Learning Loop – What Happened When I Stopped Showing Up

By Deepti Krishna | March 2026


In mid-February, I stopped writing.

Not because I ran out of ideas, and not because I lost interest. If anything, my mind was doing the opposite jumping between thoughts, overanalyzing everything, struggling to stay with one thing long enough to finish it. I have ADHD, which means focus is not always linear for me. Some days, I can sit for hours and go deep into a problem. Other days, even starting feels like resistance.

For weeks before that, I had been consistent with my “Learning Loop” series. I was learning new concepts, writing about them, and sharing my progress. It felt structured. It felt disciplined. It felt like I was moving forward.

And in many ways, I was.

But that version of consistency had a condition it worked only when I had control over my time.

Exams took that control away.

The Illusion of Consistency

Before this break, I believed I understood consistency.

To me, it meant:

  • Showing up regularly
  • Producing output
  • Keeping a visible track of progress

And while that isn’t wrong, it’s incomplete.

Consistency under pressure looks very different from consistency under comfort.

When exams started, my priorities shifted completely. My time wasn’t flexible anymore. My focus had to narrow down. And suddenly, maintaining a blog series was no longer the most important thing.

That realization was uncomfortable.

Because stopping felt like failure.

But continuing without doing justice to either would have been worse.

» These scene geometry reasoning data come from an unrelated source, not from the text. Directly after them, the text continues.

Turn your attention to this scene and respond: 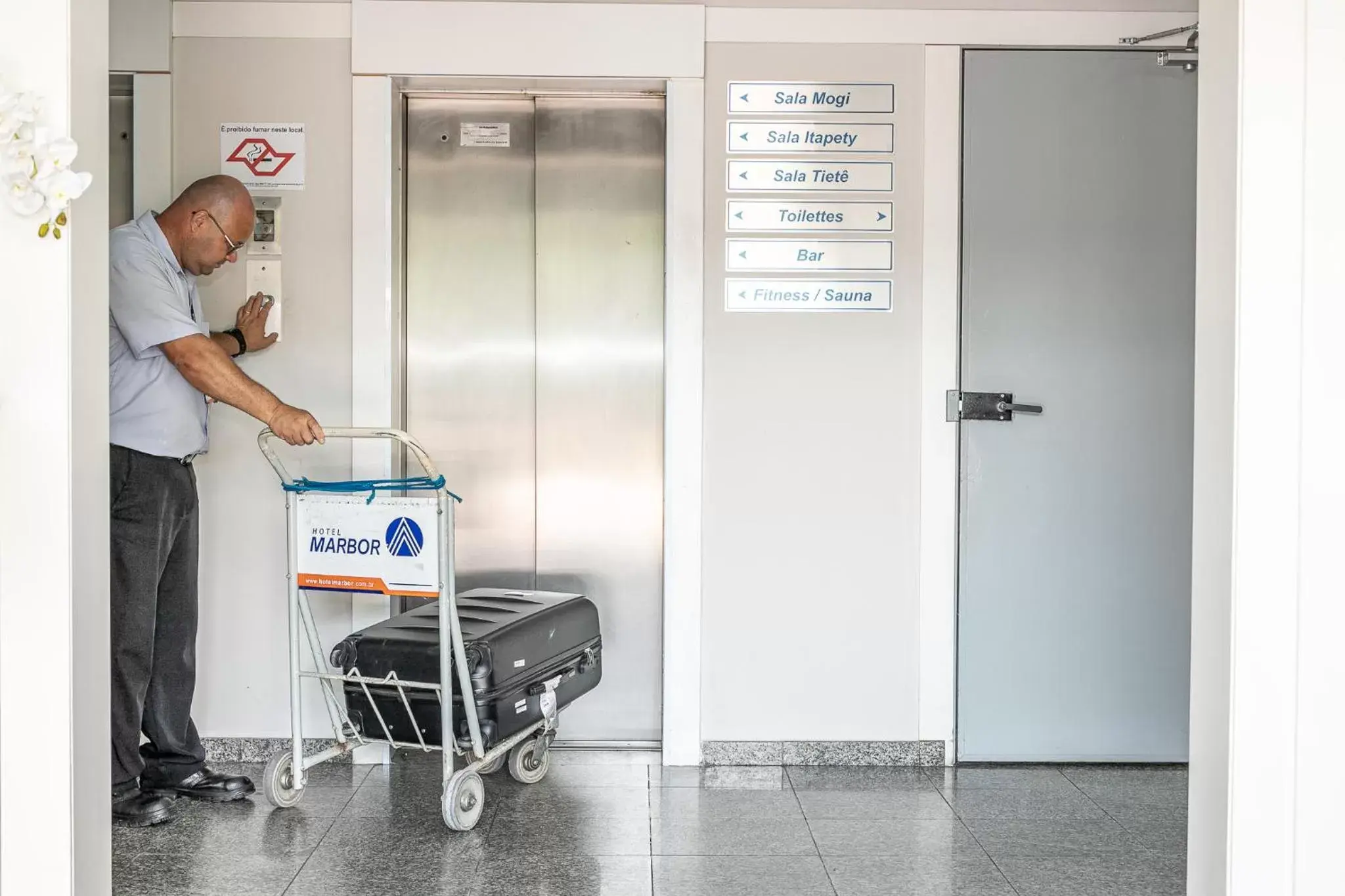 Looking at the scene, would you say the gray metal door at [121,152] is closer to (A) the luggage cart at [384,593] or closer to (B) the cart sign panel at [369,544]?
(A) the luggage cart at [384,593]

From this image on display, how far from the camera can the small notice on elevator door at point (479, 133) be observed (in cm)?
387

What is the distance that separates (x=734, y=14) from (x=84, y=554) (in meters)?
2.69

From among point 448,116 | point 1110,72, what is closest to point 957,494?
point 1110,72

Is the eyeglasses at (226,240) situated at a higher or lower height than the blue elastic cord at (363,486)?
higher

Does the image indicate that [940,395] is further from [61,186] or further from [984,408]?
[61,186]

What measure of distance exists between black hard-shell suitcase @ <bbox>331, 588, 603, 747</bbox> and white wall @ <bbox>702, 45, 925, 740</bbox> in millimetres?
564

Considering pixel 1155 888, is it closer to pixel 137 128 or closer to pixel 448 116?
pixel 448 116

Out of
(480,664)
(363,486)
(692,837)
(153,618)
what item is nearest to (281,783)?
(153,618)

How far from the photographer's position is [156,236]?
10.4ft

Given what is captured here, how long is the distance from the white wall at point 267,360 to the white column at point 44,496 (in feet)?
6.19

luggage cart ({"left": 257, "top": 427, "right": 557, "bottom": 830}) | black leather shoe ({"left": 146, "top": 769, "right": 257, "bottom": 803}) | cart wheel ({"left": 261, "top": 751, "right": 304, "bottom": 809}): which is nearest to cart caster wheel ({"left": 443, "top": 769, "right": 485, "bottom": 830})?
luggage cart ({"left": 257, "top": 427, "right": 557, "bottom": 830})

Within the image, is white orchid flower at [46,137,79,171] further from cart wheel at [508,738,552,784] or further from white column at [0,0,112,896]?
cart wheel at [508,738,552,784]

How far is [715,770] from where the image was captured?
363 centimetres

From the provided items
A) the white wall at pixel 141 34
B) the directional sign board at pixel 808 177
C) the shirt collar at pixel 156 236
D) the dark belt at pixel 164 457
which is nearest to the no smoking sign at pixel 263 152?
the white wall at pixel 141 34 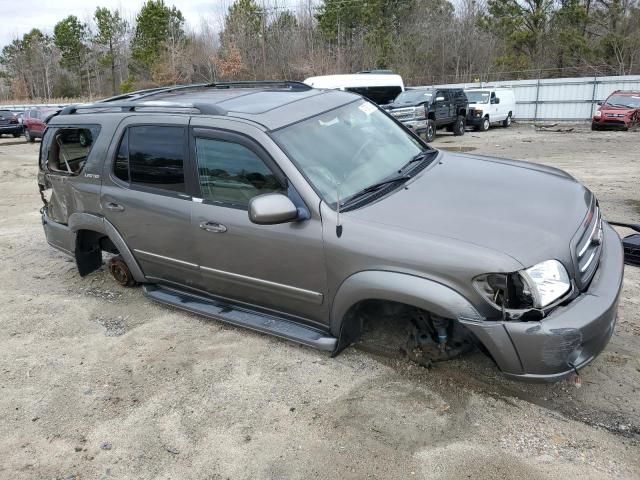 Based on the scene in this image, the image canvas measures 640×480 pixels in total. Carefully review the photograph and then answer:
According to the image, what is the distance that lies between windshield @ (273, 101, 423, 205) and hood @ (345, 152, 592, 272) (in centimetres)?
25

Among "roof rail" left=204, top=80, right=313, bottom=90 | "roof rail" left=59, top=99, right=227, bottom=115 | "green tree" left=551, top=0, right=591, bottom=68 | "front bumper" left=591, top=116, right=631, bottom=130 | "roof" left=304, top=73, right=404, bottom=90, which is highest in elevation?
"green tree" left=551, top=0, right=591, bottom=68

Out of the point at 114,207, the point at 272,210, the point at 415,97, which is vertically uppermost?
the point at 415,97

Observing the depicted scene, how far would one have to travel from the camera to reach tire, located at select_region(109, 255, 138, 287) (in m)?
4.96

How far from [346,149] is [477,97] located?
68.3ft

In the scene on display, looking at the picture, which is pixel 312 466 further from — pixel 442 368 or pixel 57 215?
pixel 57 215

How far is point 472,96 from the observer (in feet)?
74.9

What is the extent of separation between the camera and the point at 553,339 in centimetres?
258

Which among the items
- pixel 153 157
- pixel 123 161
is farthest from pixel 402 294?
pixel 123 161

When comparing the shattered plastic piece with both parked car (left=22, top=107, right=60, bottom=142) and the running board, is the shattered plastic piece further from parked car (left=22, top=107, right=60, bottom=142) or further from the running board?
parked car (left=22, top=107, right=60, bottom=142)

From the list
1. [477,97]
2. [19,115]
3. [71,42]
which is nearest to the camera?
[477,97]

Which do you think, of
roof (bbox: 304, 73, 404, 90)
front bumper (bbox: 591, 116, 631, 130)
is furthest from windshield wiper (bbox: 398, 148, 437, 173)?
front bumper (bbox: 591, 116, 631, 130)

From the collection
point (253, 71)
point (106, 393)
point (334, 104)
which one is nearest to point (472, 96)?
point (334, 104)

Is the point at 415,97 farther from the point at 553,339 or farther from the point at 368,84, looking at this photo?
the point at 553,339

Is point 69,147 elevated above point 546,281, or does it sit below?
above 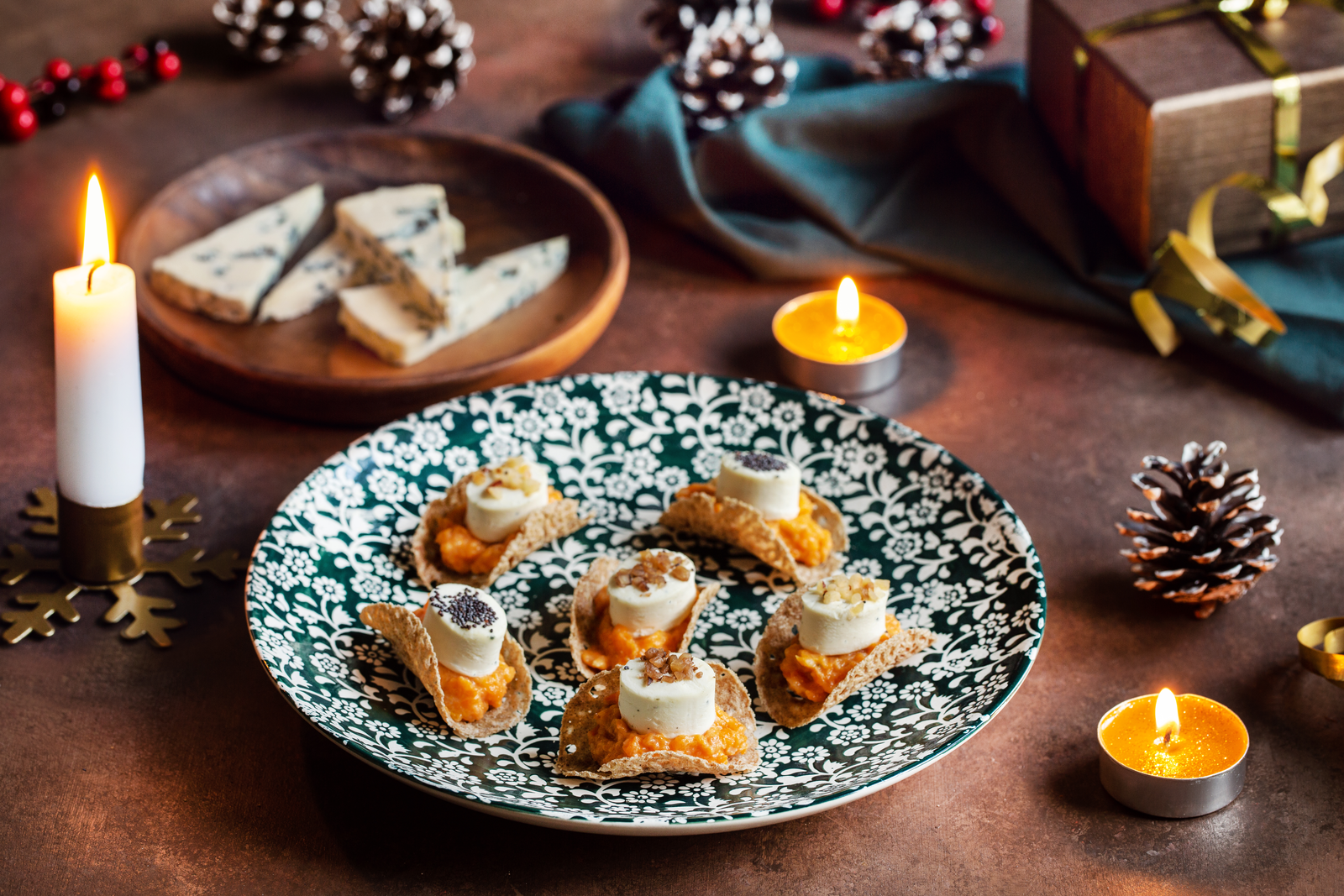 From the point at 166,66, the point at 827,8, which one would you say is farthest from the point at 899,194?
the point at 166,66

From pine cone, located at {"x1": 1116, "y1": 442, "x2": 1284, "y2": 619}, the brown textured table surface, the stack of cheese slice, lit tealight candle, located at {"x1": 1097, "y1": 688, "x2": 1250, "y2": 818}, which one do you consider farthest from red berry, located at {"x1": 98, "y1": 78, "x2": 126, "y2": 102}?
lit tealight candle, located at {"x1": 1097, "y1": 688, "x2": 1250, "y2": 818}

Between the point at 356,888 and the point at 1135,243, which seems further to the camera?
the point at 1135,243

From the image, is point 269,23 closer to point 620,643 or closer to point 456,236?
point 456,236

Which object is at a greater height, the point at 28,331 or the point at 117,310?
the point at 117,310

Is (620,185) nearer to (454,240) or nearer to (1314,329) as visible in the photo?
(454,240)

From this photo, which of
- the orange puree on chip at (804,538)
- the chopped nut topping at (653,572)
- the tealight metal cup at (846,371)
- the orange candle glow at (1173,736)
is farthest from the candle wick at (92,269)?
the orange candle glow at (1173,736)

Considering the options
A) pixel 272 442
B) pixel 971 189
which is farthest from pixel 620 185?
pixel 272 442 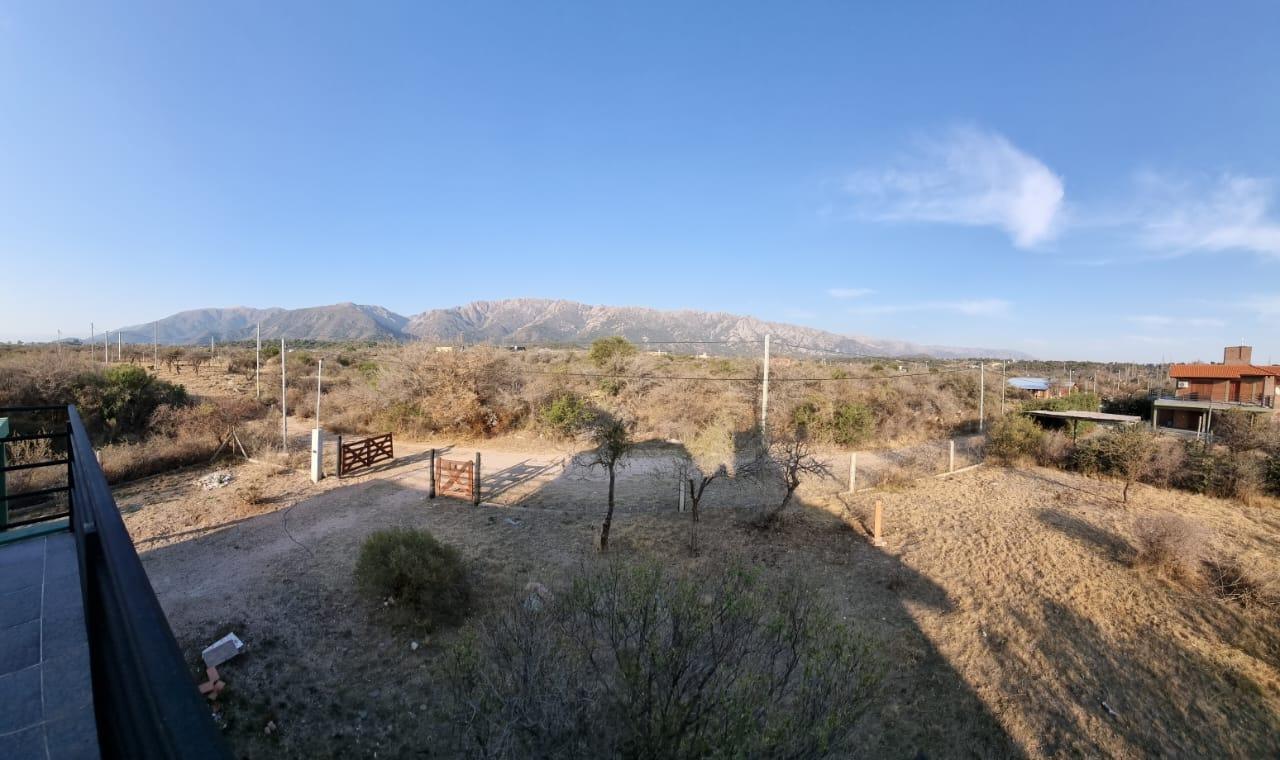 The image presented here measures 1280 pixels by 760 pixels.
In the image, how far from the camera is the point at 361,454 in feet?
43.1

From Output to Understanding

Earlier, my learning process looked like this:

  • Learn a concept
  • Simplify it
  • Write a post
  • Move on

It was efficient, but it was also surface-level.

During exams, I didn’t have the option to move quickly. I had to stay with topics longer. Revisit them multiple times. Solve problems until I actually understood why something worked, not just how.

That shift changed everything.

Learning stopped feeling like a checklist. It started feeling like a process of building clarity.

And clarity takes time.

What This Break Taught Me

  • Depth over speed: Covering more topics doesn’t mean understanding more
  • Silence is part of learning: Not everything needs to be documented immediately
  • Pressure reveals priorities: What you choose under constraints defines your discipline

Progress is not always visible. And not everything meaningful needs to be shared in real time.

Rethinking the Learning Loop

This break made me question what I want this series to be.

Earlier, it was about documenting what I learn.

Now, that feels insufficient.

Because learning without reflection is just accumulation. And accumulation without direction doesn’t lead anywhere meaningful.

So the Learning Loop is changing.

Not in consistency, but in intent.

What Comes Next

The next phase of this series will be different.

Instead of just explaining concepts, I want to focus on:

  • Why these concepts matter beyond exams
  • How computer science connects to real human problems
  • What I think about the things I learn, not just what I learn

I’m especially interested in exploring areas like Human-Centered Computing, where technology is not just about systems, but about people.

Because at some point, learning stops being about information. It becomes about perspective.

Closing Thought

Stopping for a while made me uncomfortable.

But it also made me more aware.

And maybe that’s the point.

Consistency is not just about showing up when it’s easy. It’s about knowing when to pause, and coming back with more clarity.

Also, Learning Loop – Volume One is not over yet. There are still two episodes left, and I will make sure they are worth reading.